The characters are nearly set as well. In the role of the catastrophe is the Gulf of Mexico oil leak. BP and Haliburton are sharing the part of the evil corporation. The Scientist would be Paul Noel, a Software Engineer for the U.S. Army at Redstone Arsenal in Alabama, who has made statements suggesting that he believes that the oil pocket hit will be impossible to contain. The group of misfits... well, it could be anyone.

There is even a secret document that has leaked to the Internet. Yes folks, this story has it all.

The National Oceanic and Atmospheric Administration`s Emergency Response document, which is exactly what it sounds like, is dated April 28th and claims the scope of the spill is far worse than the public is aware of. Somewhere, Michael Bay is wondering why he didn`t think of this first.

The words "Extinction Level Event" have been used in recent articles to describe what we are facing. To scientists that means a whole lot. To the rest of us it is just a bunch of pretty words. Cue the part in the movie where the entire crazy disaster is broken down using a familiar metaphor that even the dumbest of the population can understand.

Imagine you`re having a party and buy a keg of beer. Some joker decides to pour a quart of motor oil into the keg. Now imagine that party is the people of the Earth and the keg of beer is our water supply. The joker, of course, would be BP. How long before the party is over?

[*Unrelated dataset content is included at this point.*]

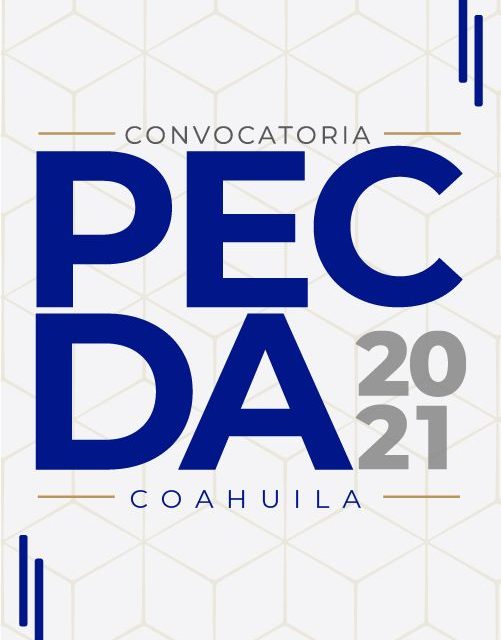 ¿Sabes quiénes son los Ganadores del PECDA 2021?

Extinction Level Event, folks. On par with the meteor that took out the dinosaurs. That is what some say we are facing at this very moment. The end of life as we know it, a full two years before the whole crazy 2012 movement expected.

And that, good readers of the Internet, is how the story of our grand civilization could end. Instead of a nuclear war or rogue meteor, we could be smothered in the very thing that our greed led us to believe we couldn`t get enough of. Or maybe this is all sensationalism. A conspiracy of a few random journalists with absolutely nothing in common created to scare the masses.

Time will tell, but as of now, it is not looking very good for the latter explanation.


And not to forget the Gemara brought by Shirat Devorah...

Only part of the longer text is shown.